So was it Abtsberg or Herrenberg that you had at St. John? I can’t read the site name in your bottle shot.
It was Herrenberg. I am still thinking about the wine. It was really beautiful. I have had so many great bottles from the Ruwer from the 60s and early 70s. When you find them with a light almost clear color they are always great.
I think it was on another wine board where someone described Rebholz as the “Protestant wine of the Pfalz”, which sums up the style nicely. You get the sunny ripeness of the Pfalz, but in a more restrained and elegant package. I very much appreciate the style.
(And of course they are also high-quality performers, early to biodynamic/organic/rigorous vineyard work, etc etc. As a side note, they would proclaim themselves a ‘natural’ wine producer, but they also have no problem with locally-cultivated yeast, so the wines are not the ‘wild’ side of natural, and remarkably consistent from year to year)

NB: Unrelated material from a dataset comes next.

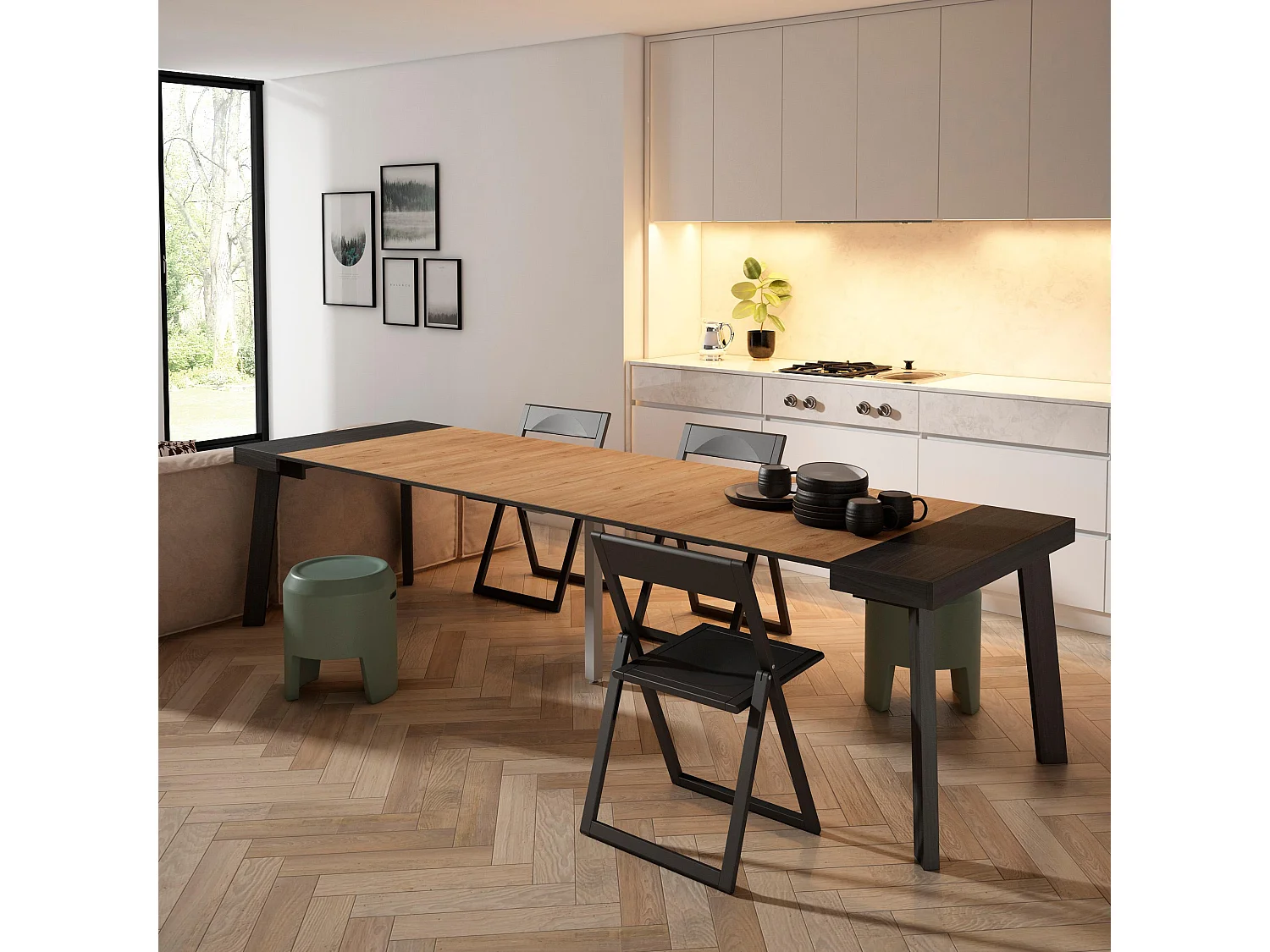 Table console extensible, 302x90x73cm, Pour 14 personnes, Pieds en bois, Noir et chêne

Kastanienbusch is the big boy, the prestige wine of the area. Steep slopes, high elevation and red slate are fairly unique for the Pfalz. It’s the most structured and powerful and can take/requires the most age. But is also the classiest wine, very elegant, and can be appreciated young in certain vintages. If you get the right window!
Im Sonnenschein is limestone, and as the name indicates, it gets sunny. An easier more approachable wine than Kastanienbusch, although still within the elegant Rebholz stylistic paradigm. Ganz Horn is a sub-parcel of Im Sonnenschein that is more mineral and delicate than the straight Sonnenschein.
I enjoy all three and am happy to buy them for different reasons. But pricing in the US is an issue. It’s always been a mystery to me, because in Germany, their wines are priced similarly to their peers (currently 60-70euros for GGs). But then when they get to the US, the Rebholz wines have doubled in price and sell for $150, while other producers go up a bit and sell for less than $100.
I raised this point with the US importer at Rieslingfeier last year, but did not get a satisfactory response!
Schäwer is a new GG addition to their lineup, I don’t think I’ve tasted it.
Thanks. I wasn’t sure if you read my earlier comment. That’s why I asked you again. Yes, a clear (greenish) color is a good indicator.
2021 Vollenweider Wolfer
Just a classic, clean village riesling. I will note that this is much more balanced that some of the other wines I’ve tried at this same “level.” Very good afternoon sipper.
Thank you for all of this. Great info! All four I asked about are avail. via pre-arrival at WHWC at what appears to be decent pricing, given pricing comments in this thread.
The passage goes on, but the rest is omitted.